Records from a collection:
_____

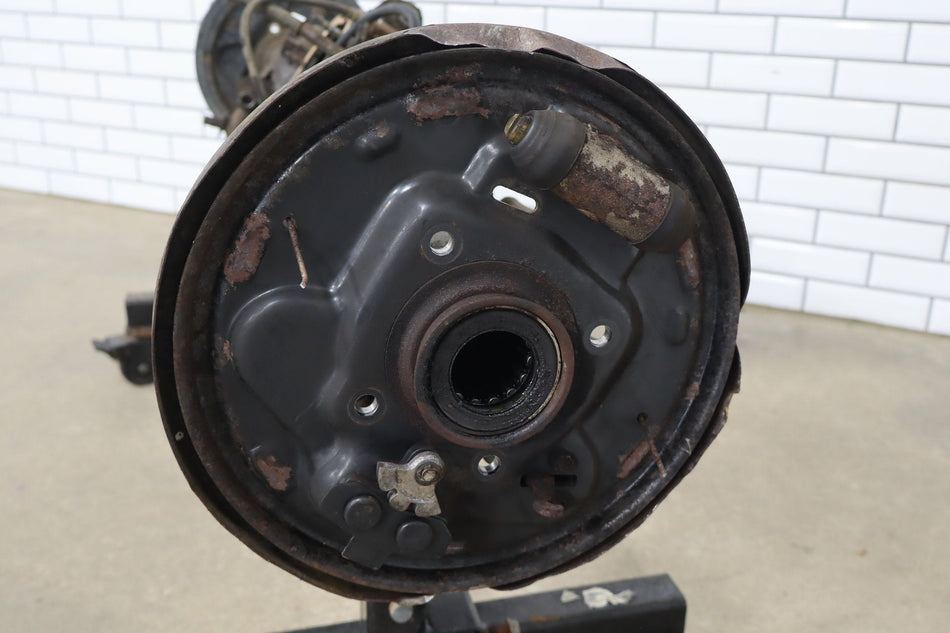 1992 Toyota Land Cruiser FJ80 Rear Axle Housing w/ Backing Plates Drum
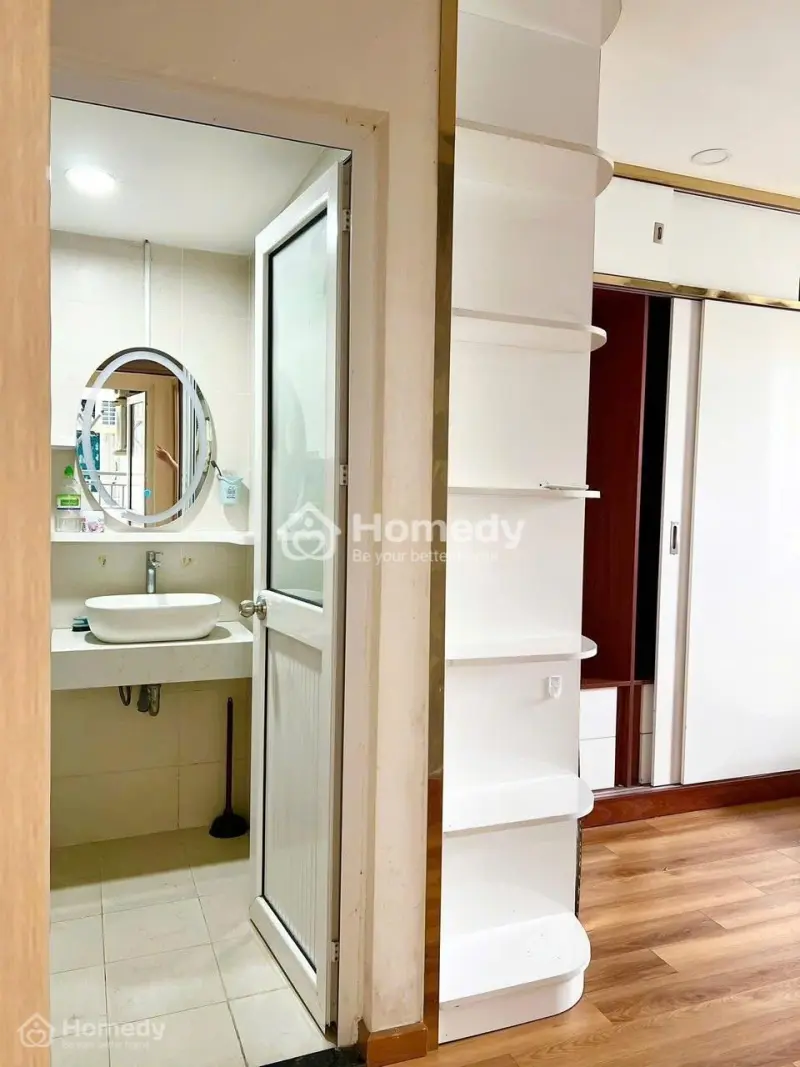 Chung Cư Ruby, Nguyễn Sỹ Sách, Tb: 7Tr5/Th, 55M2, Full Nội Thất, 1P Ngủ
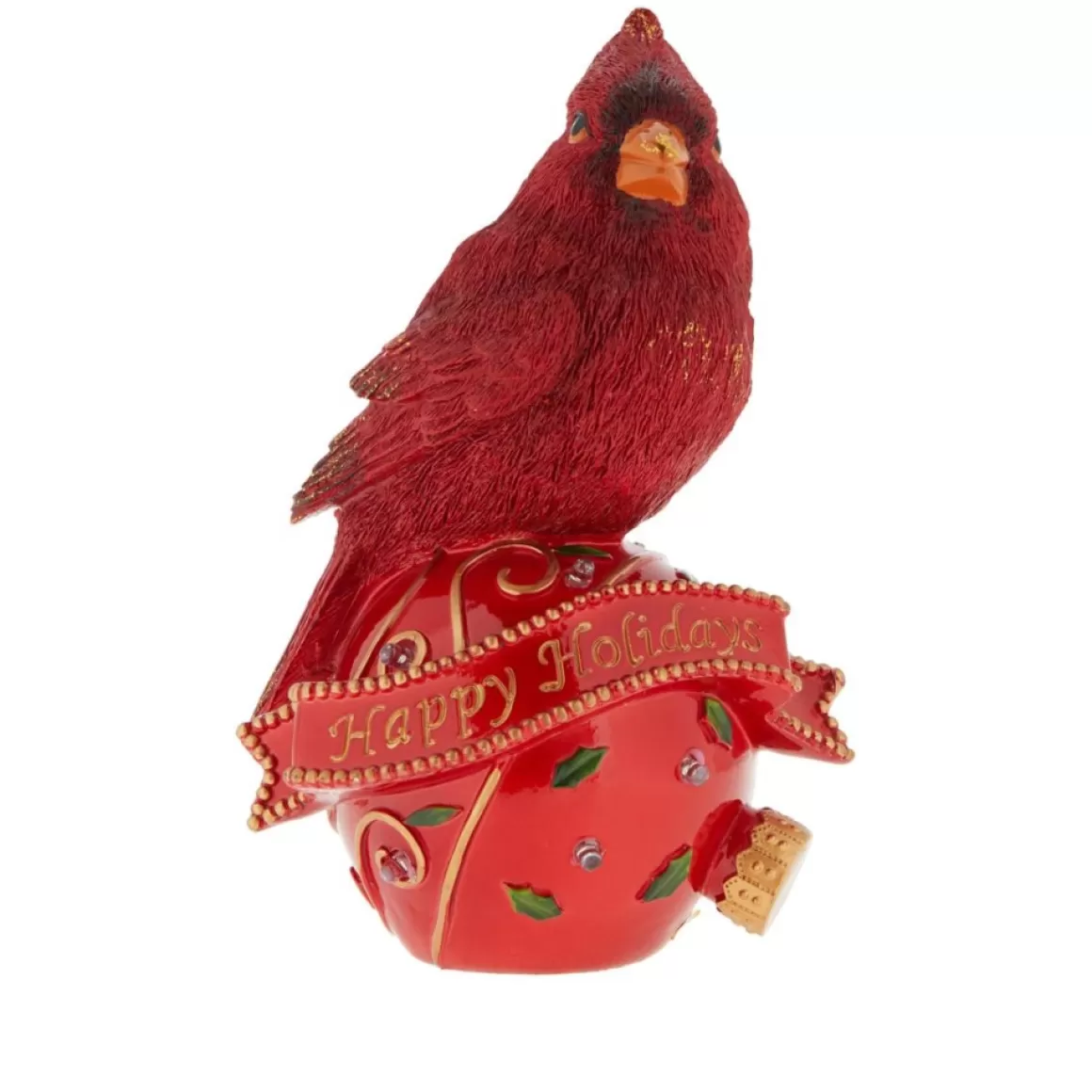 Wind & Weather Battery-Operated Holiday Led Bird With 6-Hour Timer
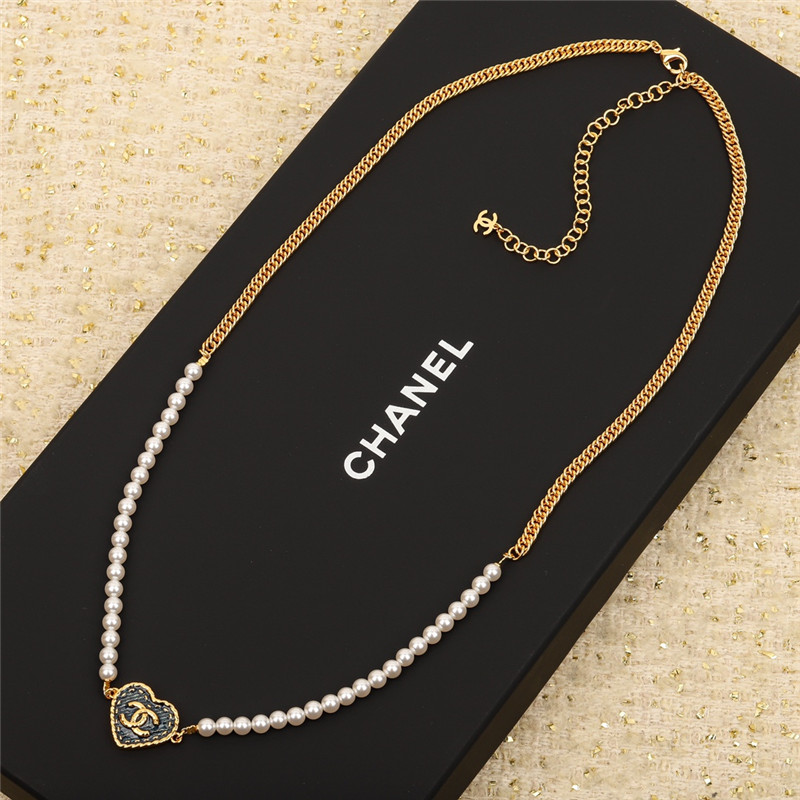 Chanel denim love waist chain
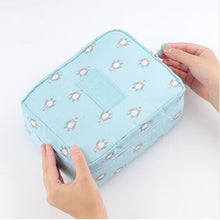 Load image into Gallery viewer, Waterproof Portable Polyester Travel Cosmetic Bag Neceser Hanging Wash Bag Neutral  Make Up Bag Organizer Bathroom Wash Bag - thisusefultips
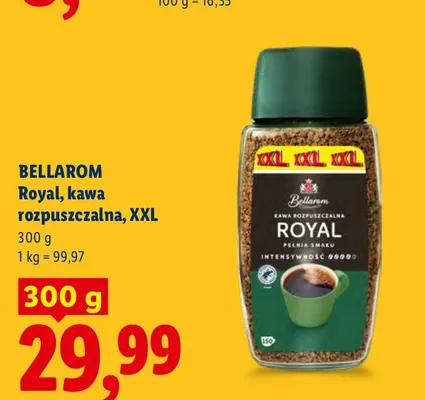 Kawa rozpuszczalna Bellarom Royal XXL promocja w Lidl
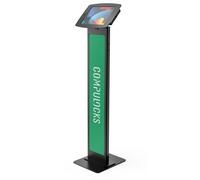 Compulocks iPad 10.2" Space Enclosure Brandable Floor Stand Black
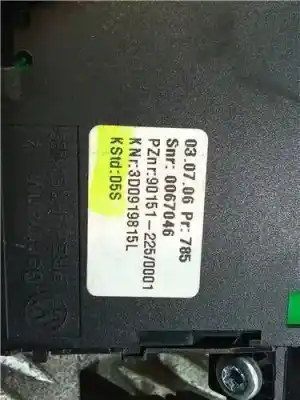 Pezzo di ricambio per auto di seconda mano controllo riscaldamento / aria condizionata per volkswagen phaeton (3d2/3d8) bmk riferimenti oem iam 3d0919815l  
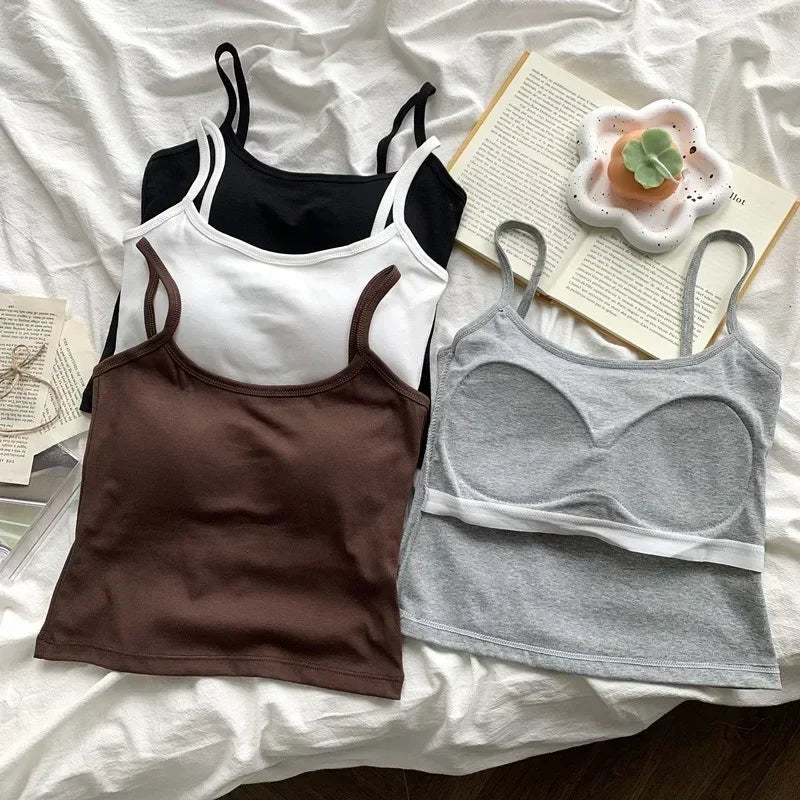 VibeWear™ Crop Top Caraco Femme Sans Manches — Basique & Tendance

_____

[TASK]
Give again, word for word, the lines above from the one with "Kawa rozpuszczalna Bellarom" through the final line of the data, both ends included. Do not copy any picture.

[EXERCISE RESPONSE]
 Kawa rozpuszczalna Bellarom Royal XXL promocja w Lidl
 Compulocks iPad 10.2" Space Enclosure Brandable Floor Stand Black
 Pezzo di ricambio per auto di seconda mano controllo riscaldamento / aria condizionata per volkswagen phaeton (3d2/3d8) bmk riferimenti oem iam 3d0919815l  
 VibeWear™ Crop Top Caraco Femme Sans Manches — Basique & Tendance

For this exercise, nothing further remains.